The different communities that make up Cuzco express their Spanish and Quechua identities through costume and dance.  Groups make their way down the city streets and end up at the Plaza de Armas where the statue of Pachacuti reigns.

Quechuan children arrived from villages all around Cuzco.

A mother adjusts her daughter’s elaborate Quechuan outfit.

Dressed as caballeros, these little boys carry a lasso. The girls wore purple dresses and hats.The young boys and girls are paired together.

Here the girls tied a rope around the boys’ waist and trotted them around in a circle. This was part of a dance class and the children are in western clothes.  Dress rehearsal without the dress.

Girls danced around the kneeling boys carrying a serape.

Older boys and girls were very energetic.

The teen-age dancers acted out a more explicit courtship routine involving hugging and kissing.

The dance ended with the girls pushing the boys down and sitting on them, to the beat of the drum. 

The next day was Sunday and our last day. We followed the crowd from the Cusco Cathedral to the huge, bustling San Pedro market. Mostly everyone was in native dress.

Crowd in the Plaza

Standing on line to get into the market, these women are wearing the distinctive hat of the “independent woman”.

Young girls apply western style make-up.

San Pedro Market

Woman selling meats explained,”My dog guards the bones. He’s wearing a turtle neck sweater because he gets cold from the ice.”
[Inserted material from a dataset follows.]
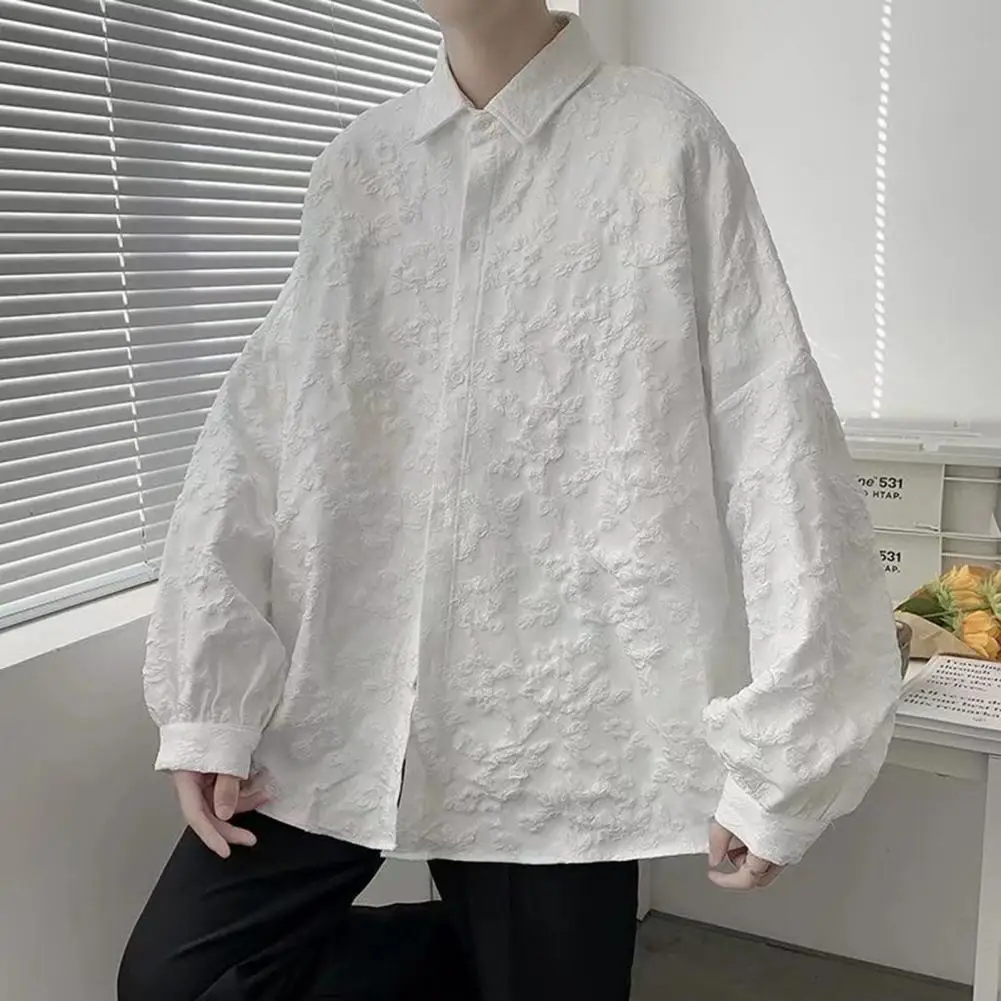 

New Crumpled Jacquard Shirt Loose Fashion Solid Color Casual Turn-down Collar Top New All-match Bat Wing Sleeve ﻿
Popular meats are llama and alpaca served grilled, in stews and as carpaccio. Very delicious.

Woman peeling fruit.

The soup bar.

Giant snails are a delicacy.

Women selling juices made to order vie for attention.

How all the clothes get made. There are seamstresses like this woman throughout the city.

This photograph of a llama marks the end of our trip to Peru, which we enjoyed very much. Thanks for coming along with us.